North Dakota Takes Bold Step Forward On Commercial Hemp Industry, Tells Feds To Stay Out

Huffington Post

North Dakota Gov. Jack Dalrymple (R) signed a bill into law on Friday that lays the groundwork for a commercial hemp industry and explicitly cuts the federal government out of the state's licensing process.

House Bill 1436 establishes guidelines for the state's industrial hemp program and allows people to apply to grow the plant for either research or commercial purposes. With its provision for commercial hemp, the law goes beyond the federal Farm Bill, passed by Congress last year, which allowed some states to cultivate the plant, but only for research purposes and in more restricted pilot programs. 

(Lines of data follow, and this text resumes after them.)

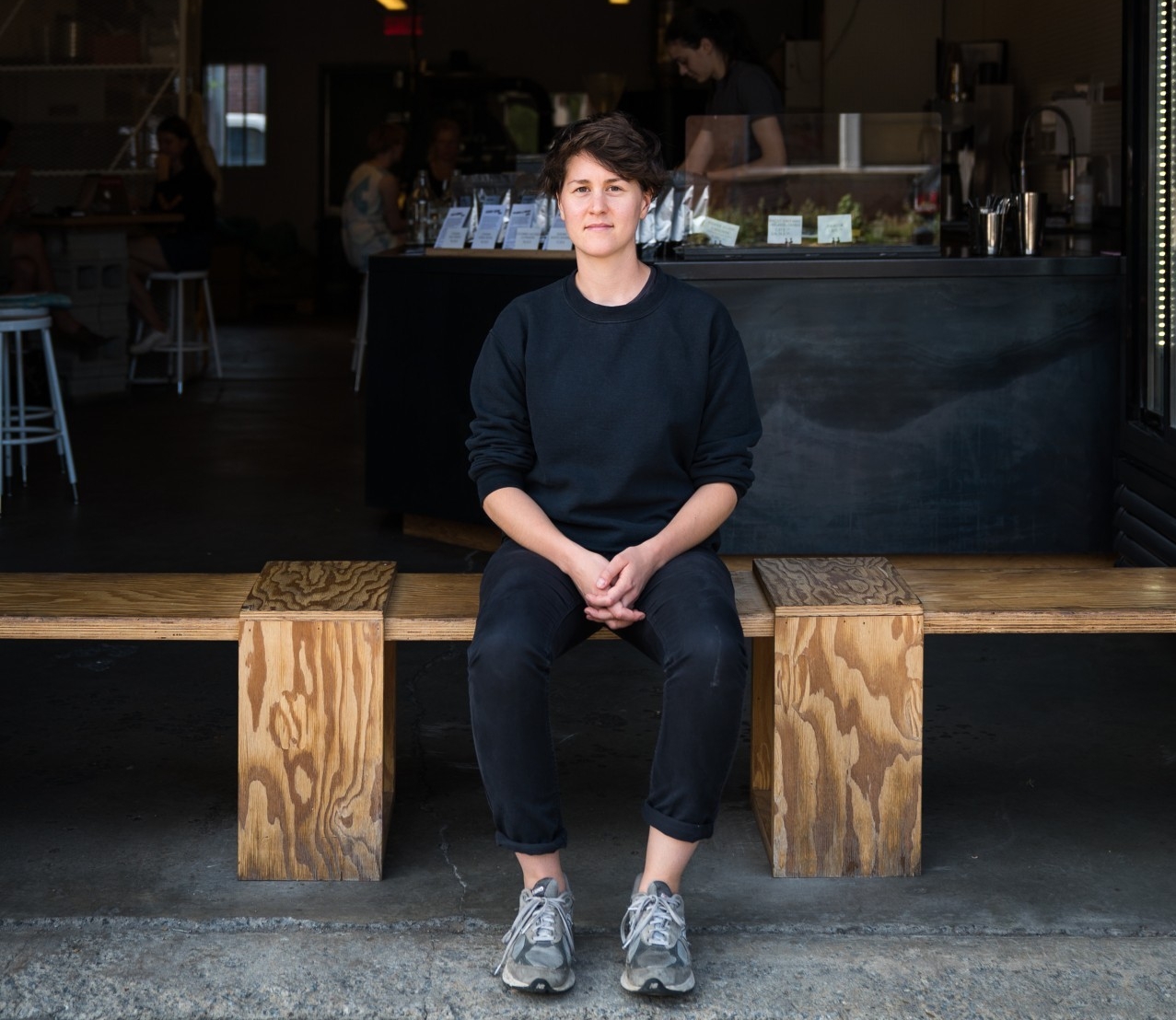 Chrissy Durcak sitting on a bench at a Dispatch location.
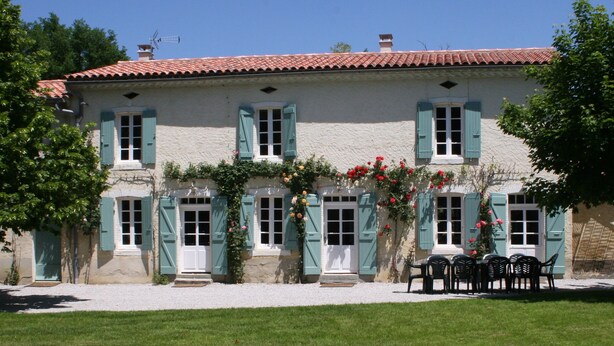 A two-story building with a red-tiled roof, green shutters, and a gravel driveway. - Spacious farmhouse with private large heated enclosed pool and extensive grounds (Lempaut)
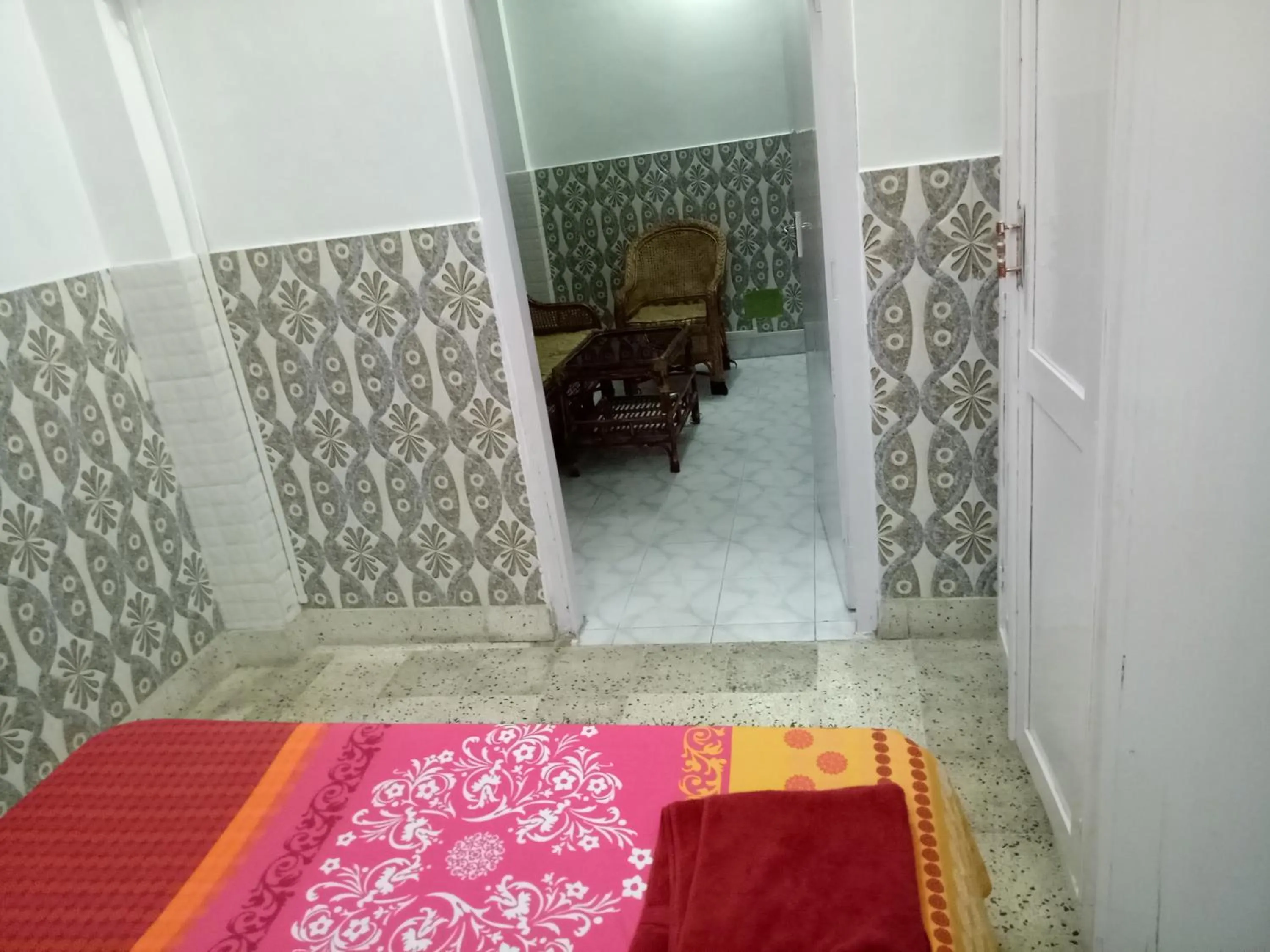 Seating area, Bed in Hotel Kameng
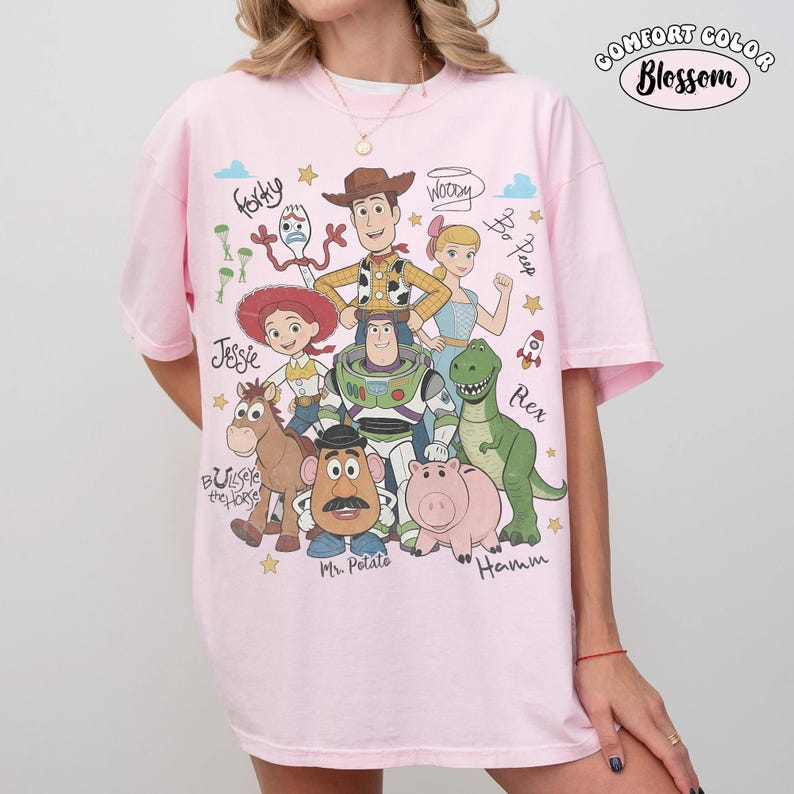 Może przedstawiać: Jasnor&oacute;żowy t-shirt z nadrukiem graficznym przedstawiającym postacie z Toy Story, w tym Chudego, Buzza Astrala, Jessie, Cienkiego, Pana Bulwę, Rexa, Hamm, Pastereczkę i Sztućka, wraz z odręcznie napisanymi imionami i tekstem Comfort Color Blossom.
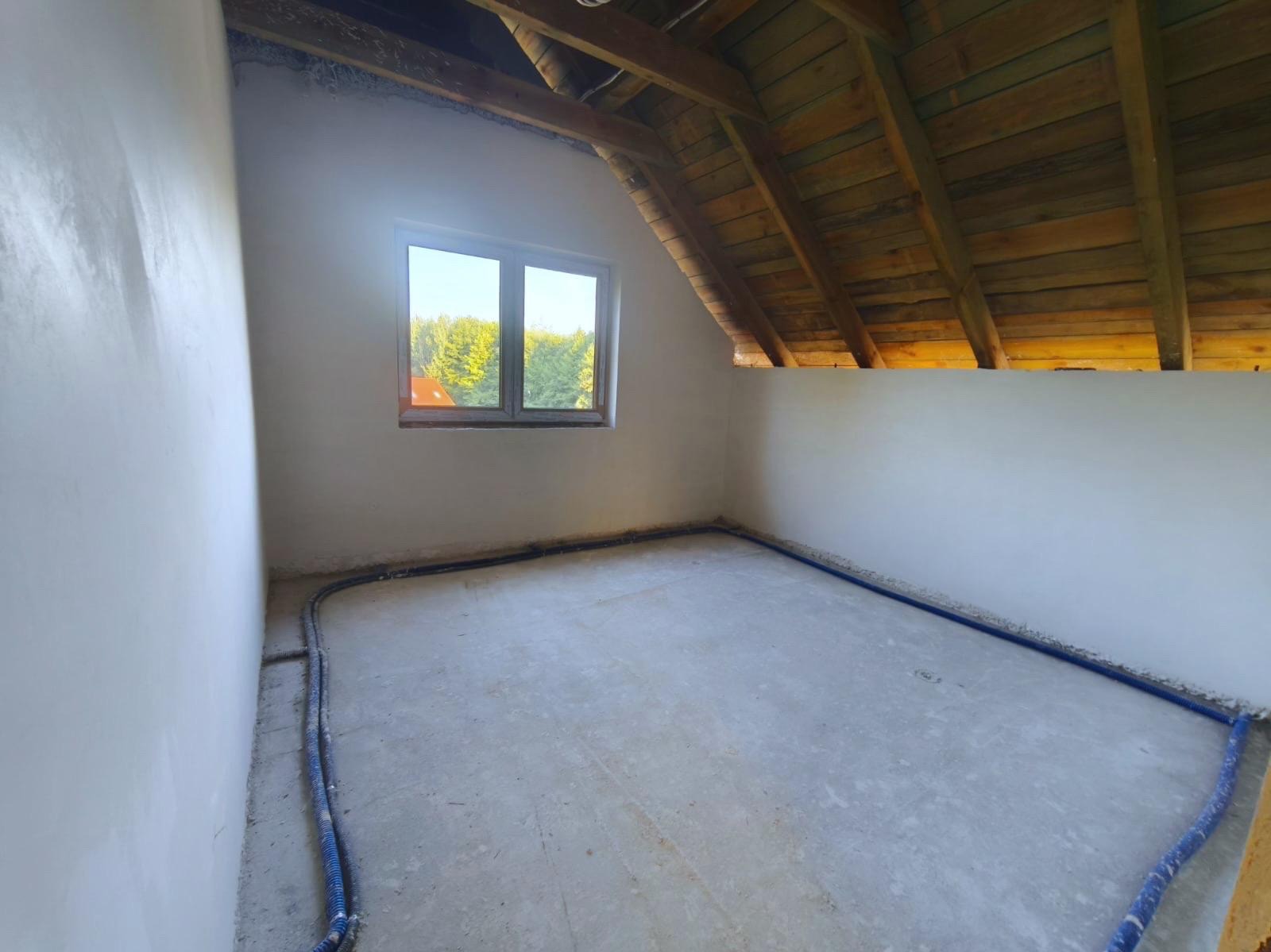 Pokój na poddaszu po tynkowaniu ścian, widoczne drewniane elementy konstrukcji dachu i niebieskie rurki instalacji grzewczej wzdłuż ścian.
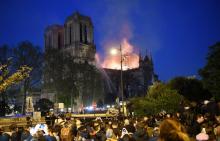 Des badauds sont massés sur les quais alors que Notre-Dame brûle, à Paris le 15 avril 2019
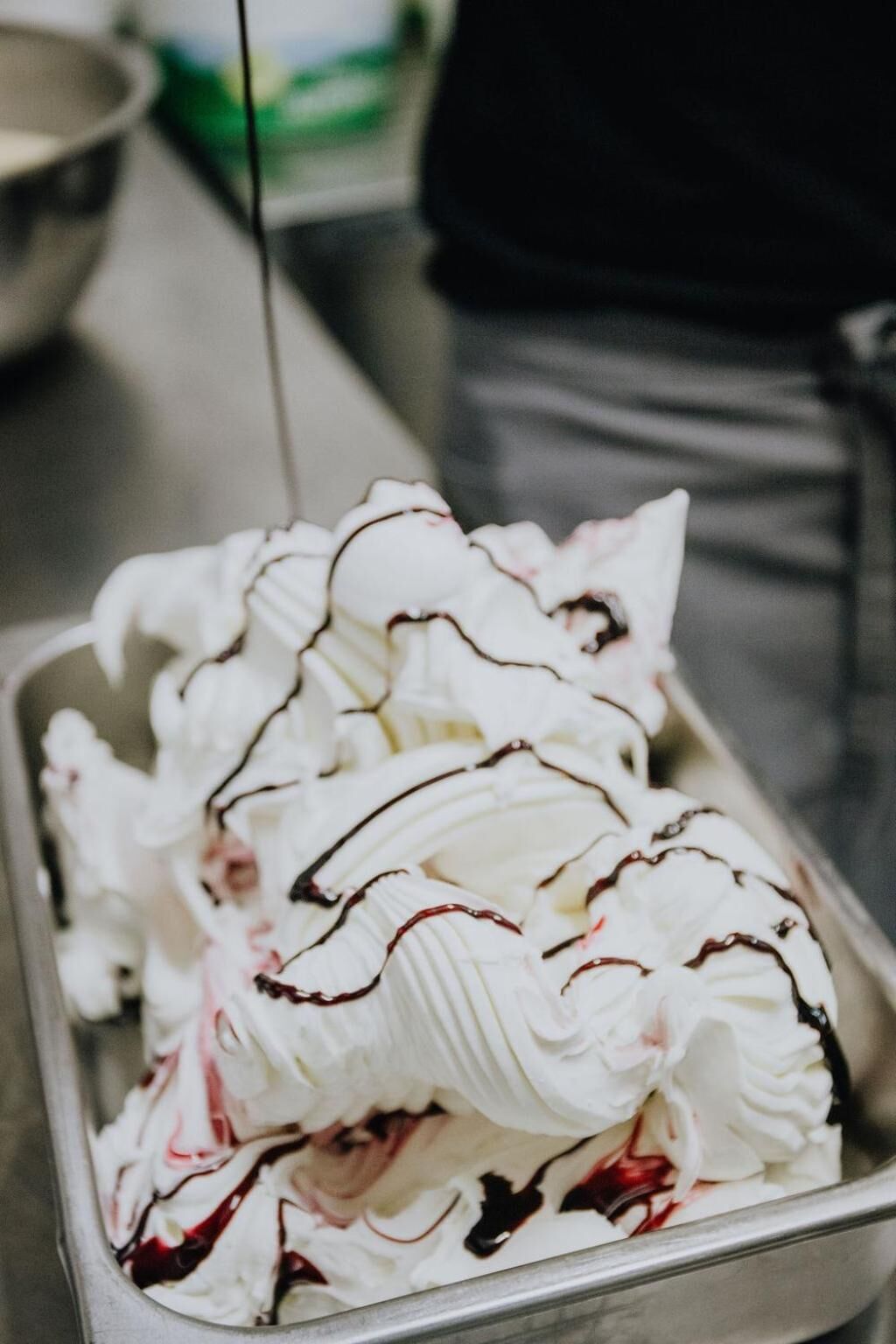 Una bandeja de helado con crema batida y salsa de chocolate.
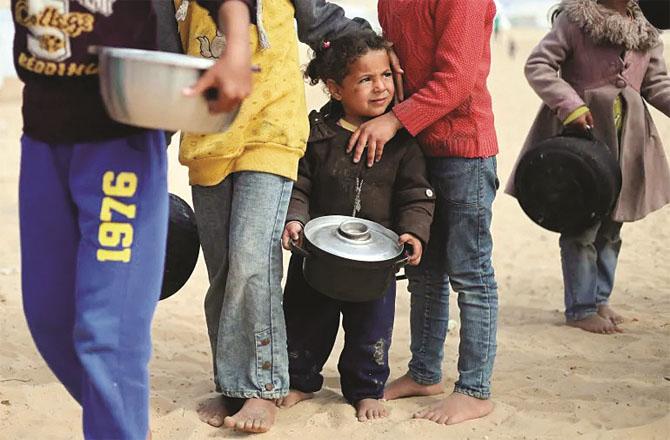 Children line up to get food in Gaza.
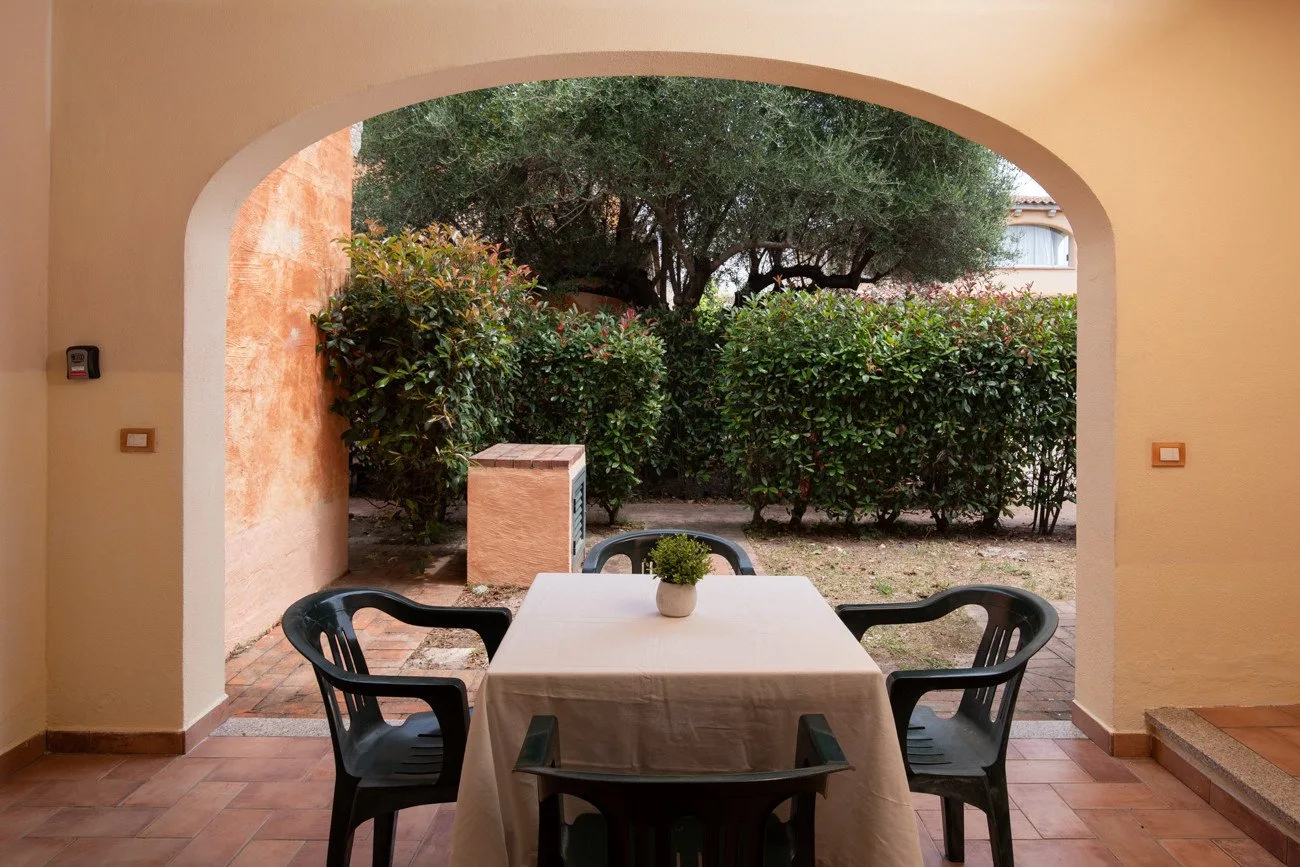 Un comedor en un patio cubierto, con mesa y sillas bajo un amplio arco.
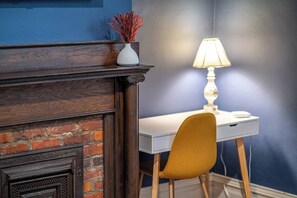 Ein Zimmer mit Kamin aus Ziegelsteinen, einem weißen Schreibtisch, einem senffarbenen Sessel und einer Lampe.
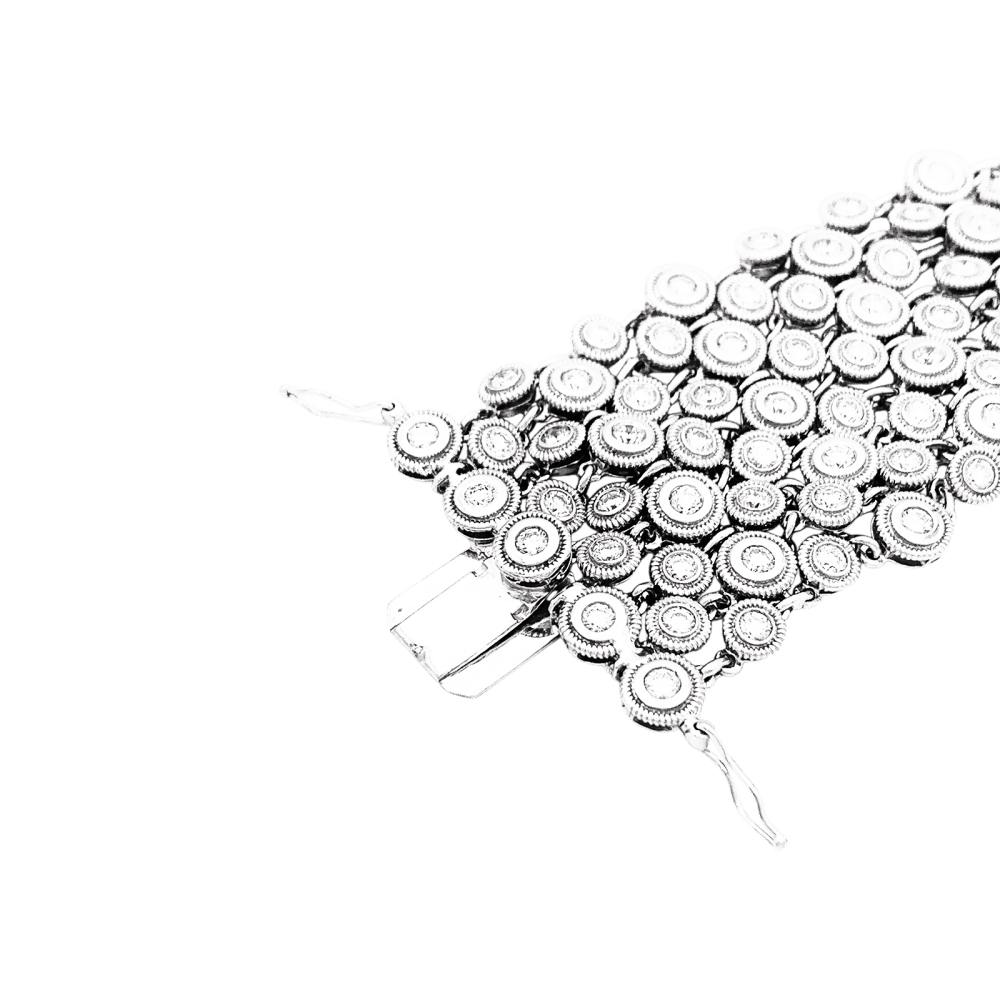 Bracelet souple, or blanc et diamants.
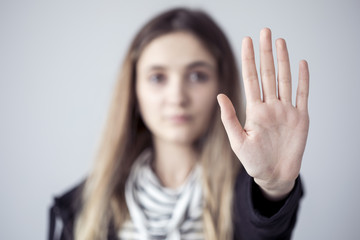 Young woman showing stop gesture open palm hand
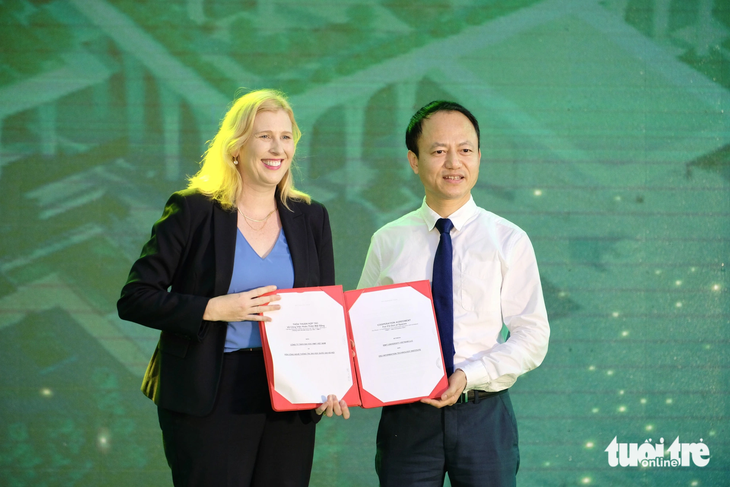Đại diện Đại học Quốc gia Hà Nội nhận biểu trưng cam kểt đầu tư của doanh nghiệp - Ảnh: NGUYÊN BẢO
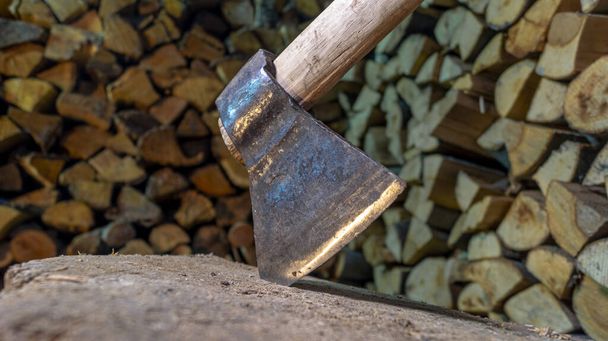 Um machado com uma alça de madeira presa em um toco para cortar lenha no celeiro contra um fundo de outra lenha - Foto, Imagem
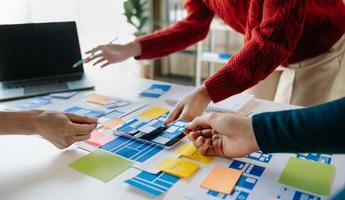 El equipo de desarrolladores de ui hace una lluvia de ideas sobre su proyecto con una computadora portátil, un teléfono inteligente y una tableta digital. agencia creativa de desarrollo digital. foto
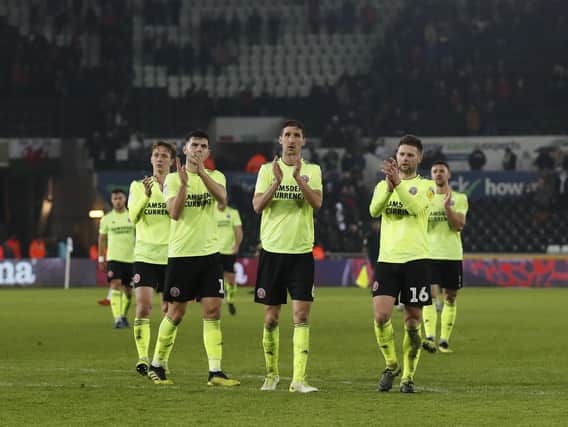 Sheffield United's players applaud the travelling fans following their defeat at Swansea City: Simon Bellis/Sportimage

The new measure builds on previous legislation that had legalized industrial hemp farming in North Dakota, but had gone largely unimplemented. Harsh federal restrictions on hemp have left some growers open to prosecution, making many states wary of pushing forward with cultivation. In addition to North Dakota, twelve other states have passed legislation to establish commercial industrial hemp programs, and a handful more have approved hemp production for agricultural uses or academic research. However, a number of those states have not actually moved ahead with officially establishing commercial hemp operations. 

North Dakota will join the five states -- Colorado, Oregon, South Carolina, Tennessee and Vermont -- that actually implement the hemp laws they have on the books. The Hemp Industries Association, a nonprofit trade group consisting of hundreds of hemp businesses, recently reported that those states collectively planted approximately 125 acres of hemp crops last year.